• _Supplied data_
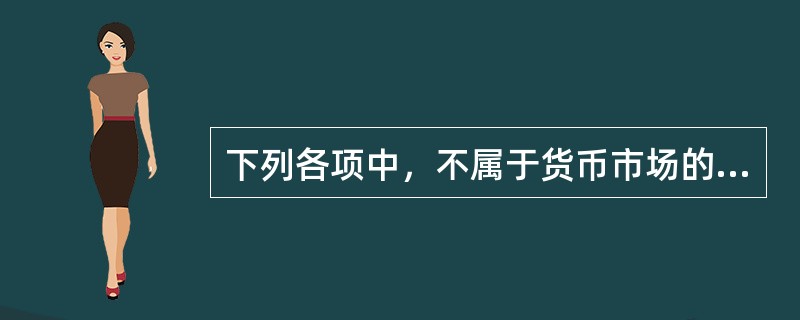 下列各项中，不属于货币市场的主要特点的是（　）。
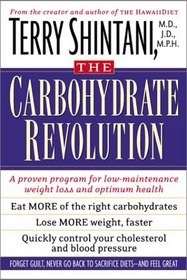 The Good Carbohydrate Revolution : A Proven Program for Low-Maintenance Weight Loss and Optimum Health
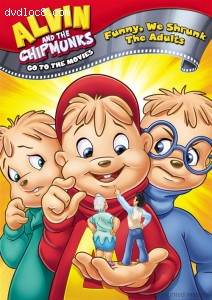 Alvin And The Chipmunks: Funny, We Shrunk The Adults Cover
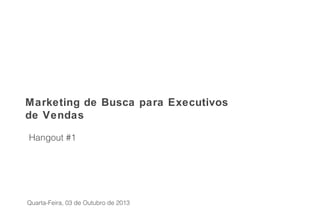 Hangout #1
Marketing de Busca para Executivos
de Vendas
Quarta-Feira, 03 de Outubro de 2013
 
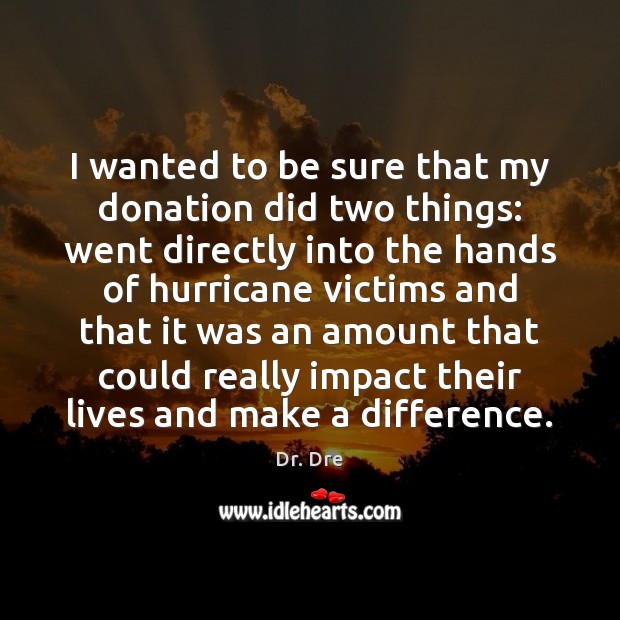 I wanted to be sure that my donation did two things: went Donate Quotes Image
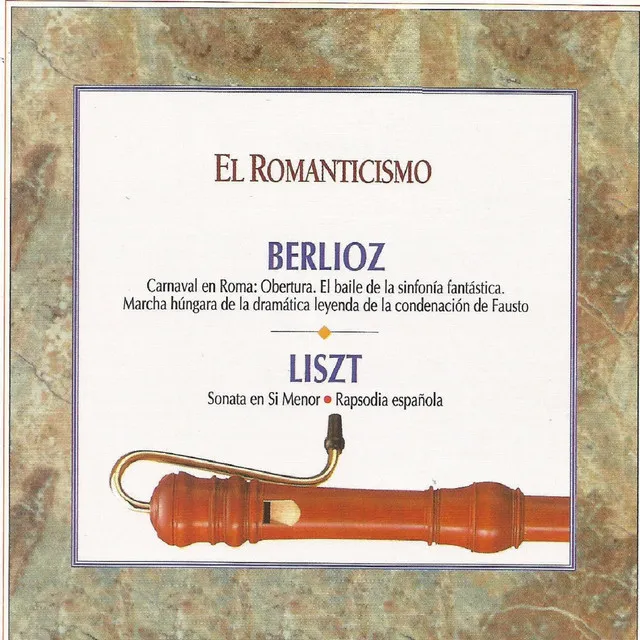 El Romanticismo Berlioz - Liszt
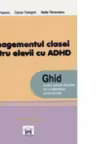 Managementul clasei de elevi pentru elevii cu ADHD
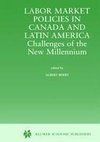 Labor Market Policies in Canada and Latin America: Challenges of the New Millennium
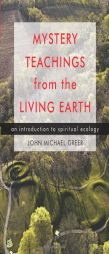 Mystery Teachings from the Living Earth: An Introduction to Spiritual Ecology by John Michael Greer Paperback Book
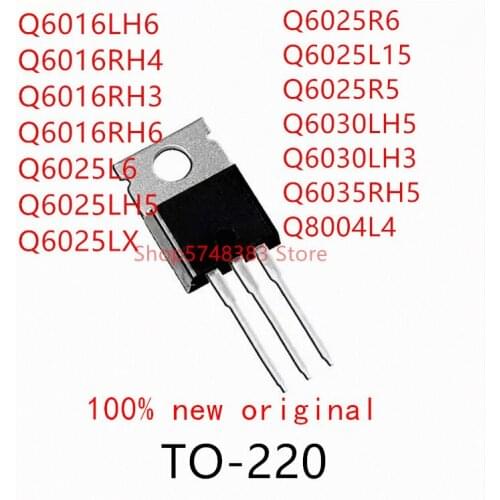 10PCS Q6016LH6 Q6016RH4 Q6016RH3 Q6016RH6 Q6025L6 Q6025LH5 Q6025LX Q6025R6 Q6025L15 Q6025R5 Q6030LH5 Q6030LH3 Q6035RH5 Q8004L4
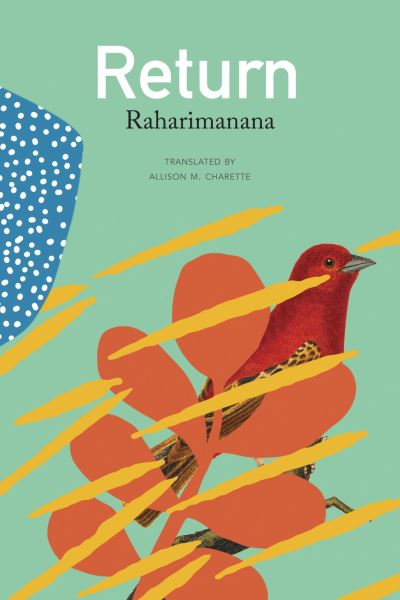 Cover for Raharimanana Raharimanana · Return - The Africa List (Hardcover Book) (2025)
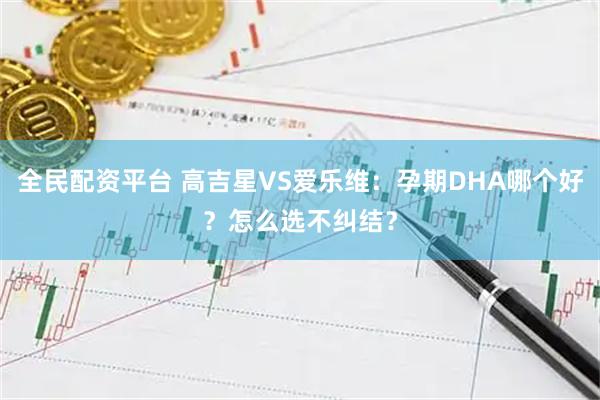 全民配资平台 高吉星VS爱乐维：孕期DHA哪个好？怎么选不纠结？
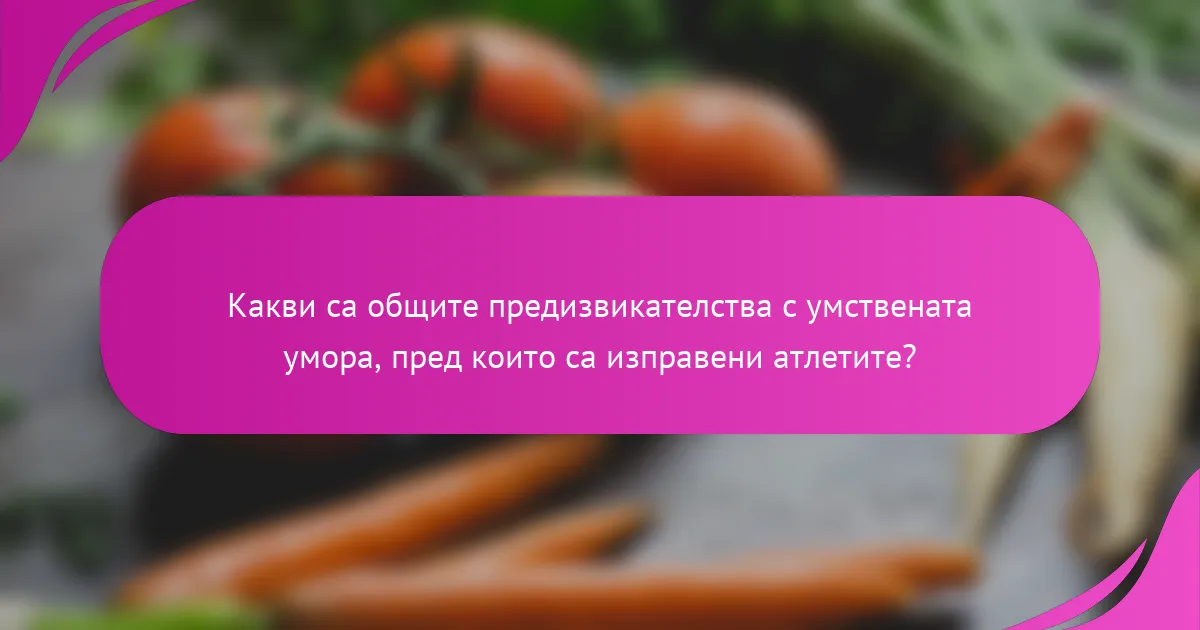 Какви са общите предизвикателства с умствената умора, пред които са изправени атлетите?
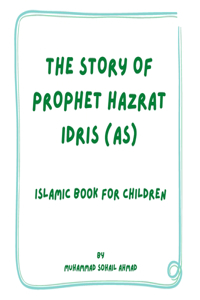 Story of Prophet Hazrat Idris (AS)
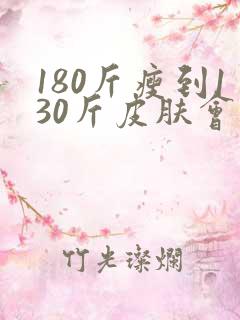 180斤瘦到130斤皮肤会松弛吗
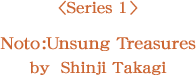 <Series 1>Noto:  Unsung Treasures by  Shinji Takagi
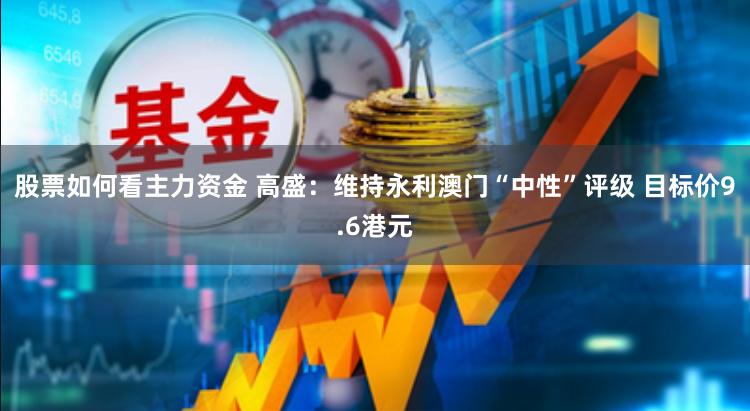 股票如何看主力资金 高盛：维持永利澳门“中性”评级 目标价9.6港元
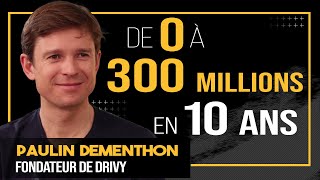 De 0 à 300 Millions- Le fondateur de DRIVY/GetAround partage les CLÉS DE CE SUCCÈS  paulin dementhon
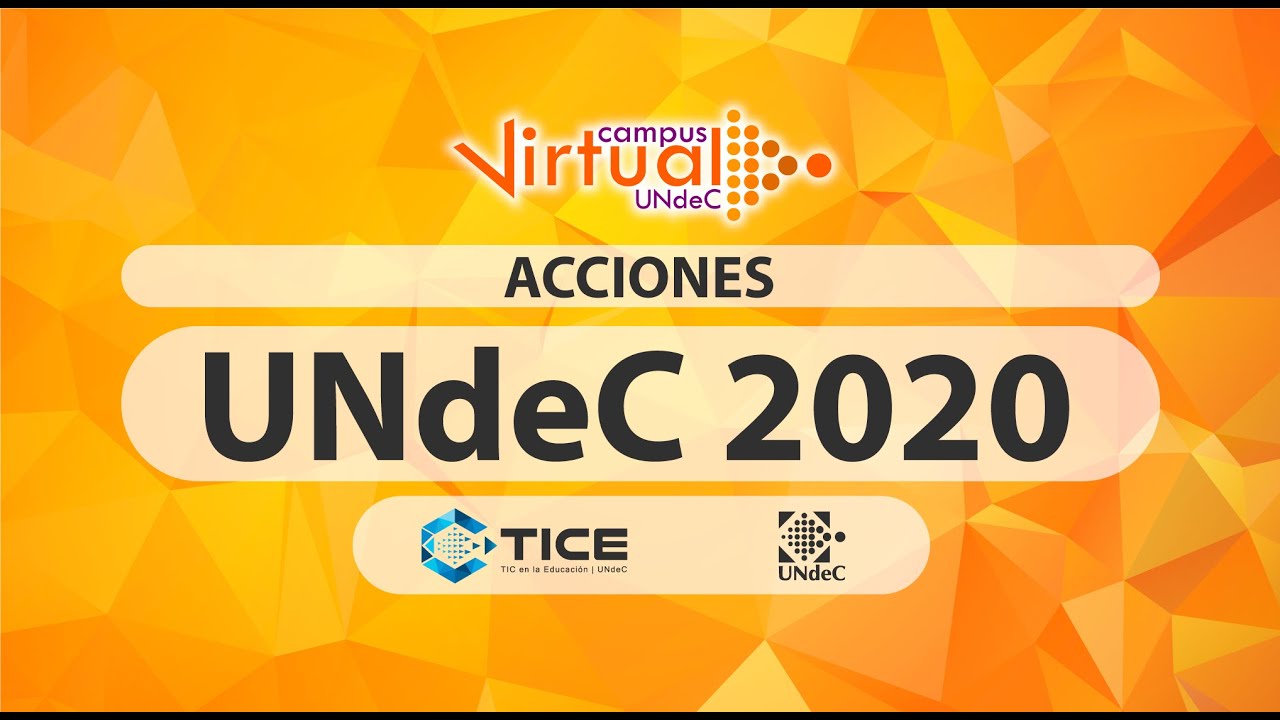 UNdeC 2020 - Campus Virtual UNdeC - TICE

• _What is required_
Could you copy the listing above exactly, without its pictures?

• _Written answer_
 下列各项中，不属于货币市场的主要特点的是（　）。
 The Good Carbohydrate Revolution : A Proven Program for Low-Maintenance Weight Loss and Optimum Health
 Alvin And The Chipmunks: Funny, We Shrunk The Adults Cover
 Hangout #1
Marketing de Busca para Executivos
de Vendas
Quarta-Feira, 03 de Outubro de 2013
 
 I wanted to be sure that my donation did two things: went Donate Quotes Image
 El Romanticismo Berlioz - Liszt
 Managementul clasei de elevi pentru elevii cu ADHD
 Labor Market Policies in Canada and Latin America: Challenges of the New Millennium
 Mystery Teachings from the Living Earth: An Introduction to Spiritual Ecology by John Michael Greer Paperback Book
 10PCS Q6016LH6 Q6016RH4 Q6016RH3 Q6016RH6 Q6025L6 Q6025LH5 Q6025LX Q6025R6 Q6025L15 Q6025R5 Q6030LH5 Q6030LH3 Q6035RH5 Q8004L4
 Cover for Raharimanana Raharimanana · Return - The Africa List (Hardcover Book) (2025)
 全民配资平台 高吉星VS爱乐维：孕期DHA哪个好？怎么选不纠结？
 Какви са общите предизвикателства с умствената умора, пред които са изправени атлетите?
 Story of Prophet Hazrat Idris (AS)
 180斤瘦到130斤皮肤会松弛吗
 <Series 1>Noto:  Unsung Treasures by  Shinji Takagi
 股票如何看主力资金 高盛：维持永利澳门“中性”评级 目标价9.6港元
 De 0 à 300 Millions- Le fondateur de DRIVY/GetAround partage les CLÉS DE CE SUCCÈS  paulin dementhon
 UNdeC 2020 - Campus Virtual UNdeC - TICE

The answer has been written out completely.